(No.3, Vol.7,Jun-Jul 2017 Vietnam Heritage Magazine)

Hundreds of people with all kinds of traditional fish-catching tools rush down to a lagoon to hunt for fish under the boisterous cheering of thousands of others on the banks. Every now and then, a joyful shout announces a catch, expressing exultation and soliciting the crowd to join the fun.
That is the atmosphere of the fish-catching festival, also called ‘Let out the water to catch the fish’, which takes place around a 20ha lagoon within a 65ha primeval forest at Tra Loc Village, Hai Xuan Commune, Hai Lang District of Quang Tri Province.
Quang Tri is a northern province of Mid-Vietnam, made famous as the demilitarized zone (17th latitude) during the Vietnam War.
The annual activity, conducted every year for centuries, has no fixed date but usually takes place after the summer harvest, around the end of the 6th lunar month.
Farmers in the commune jointly organize the festival to celebrate a good harvest, pray for future good crops, and
at the same time have fun and clean
the lagoon.
The fish-catching fest is one of the best childhood memories of the people of Tra Loc, and of Hai Lang District in general. On this day, even those who now live far away also remember to come home to join the fun.

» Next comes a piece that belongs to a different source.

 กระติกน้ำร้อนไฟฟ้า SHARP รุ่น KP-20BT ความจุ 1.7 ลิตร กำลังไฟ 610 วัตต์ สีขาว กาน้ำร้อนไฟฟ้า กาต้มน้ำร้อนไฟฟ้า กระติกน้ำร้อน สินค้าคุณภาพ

Taking part in the festival are people of all ages from all walks of life. The caught fish are normally given as a present to friends and relatives, or sold cheaply to tourists just for fun, and as a token of luck.

The 65ha forest surrounding Tra Loc Lagoon is an extremely important ‘green lung’ in the middle of an endless white sand desert, preserving valuable botanical species of sandy ecosystems. That’s why the forest, full of wildlife including weasels, squirrels, and all kinds of birds has been cherished and protected by local people for centuries. In 2006, the local government turned Tra Loc Forest and Lagoon into an ecotourism zone.
The tourist destination is about 6km to the southeast of Quang Tri city. Visitors can enjoy lotus blossoms in the pond and Tra Loc local food, and learn about a forest ecosystem in the midst of a desert.